Example of VEC network topology.

We sue 3 metrics to analyze system performance. The delay metrics include the transmission delay, execution delay, and propagation delay, which depend on the simulated scenario. Note that execution delay is the time at which the task is executed on a local or neighboring server. The success rate metric is defined as the percentage of tasks successfully migrated to a neighboring VEC server. The success rate is obtained by dividing the number of task migrations by the total number of tasks (i.e., success rate = migrated tasks / total tasks). It is used to observe the probability of successful task migrations. The elapsed time metric is the run time of the algorithm in the real system, which is directly obtained from the system on the testing platform. The CPU frequence of the testbed affects the elapsed time. The faster the CPU speed, the shorter the time required to execute the algorithms.

In the context of the simulated VEC network topology, 172 packets are transmitted throughout the VEC network when the RI packet generation is set to 10 Hz. It takes 0.00344 s for total transmission, as shown in Fig. 6. As the frequency of RI packet generation increases, the network cost. In this figure, when the RI packet generation reaches 50 Hz, the number of packets and transmission time increase from 1720 and 0.00344 s to 8600 and 0.0172 s, respectively. Maintaining the same architecture but increasing the number of servers to 60 in the VEC network, as shown in Fig. 6, leads to an increase in the number of packets and transmission time, reaching 25,800 and 0.0516 s, respectively. Consequently, as the frequency increases, the number of packets and transmission time increase accordingly.

Fig. 6figure 6

Analysis of the VEC network.

We set data rates of 309.1 Mbps and 618.1 Mbps as calculated by 5G New Radio Frequency Ranges 1 for the Uu interface according to41 when the maximum resource block allocation in 5G NR is set to 135 and 270, respectively. The data transmission rate is influenced by numerous factors, including the ratio of time slots in data transmission, the network environment, the number of online users, and the processing capabilities of the sender and receivers. Table 7. provides additional simulation parameters.

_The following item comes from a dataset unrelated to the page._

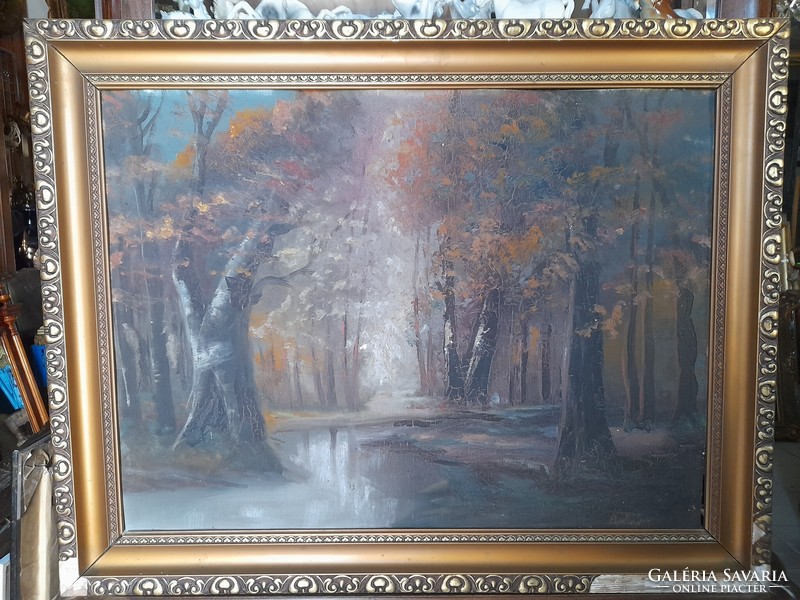 Budaváry oil cardboard forest landscape painting.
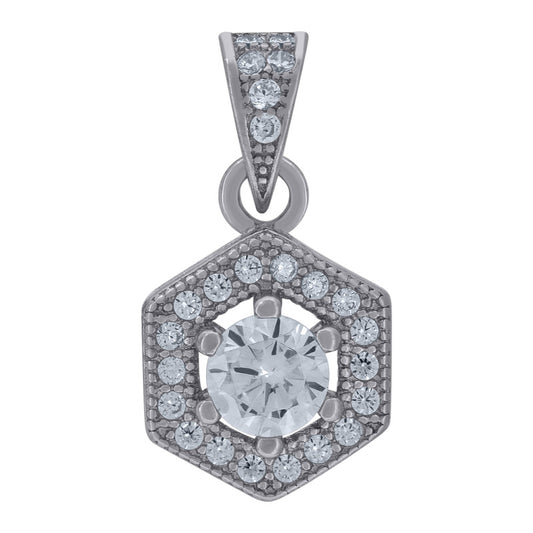 925 Sterling Silver Womens Cubic-Zirconia Octagonal Fashion Charm Pendant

Table 7 Simulation parameters.

We performed a comprehensive comparison of our scheme against the following baselines:

Adjustable analytic hierarchy process37 (AAHP)

The AAHP employs a similar approach to select the target server for task migration, with the ability to adjust its weight matrix for the previous decision.

Dijkstra40

Dijkstra’s algorithm is a method for finding the shortest paths between nodes in a weighted graph. It is commonly used to determine the shortest path from a source node to all other nodes.

Open Shortest Path First (OSPF)42,43 is a link-state routing protocol utilized by every node within a network. The fundamental concept of OSPF is that each node maintains a table or map of its connectivity to the network. Each node then independently calculates the shortest routing path to every possible destination in the network using Dijkstra’s algorithm. If multiple paths with the same cost exist to a given destination, tasks can be allocated to these paths.

Resource allocation of task offloading in single hops (RATOS) and Resource allocation of task offloading in multiple hops (RATOM)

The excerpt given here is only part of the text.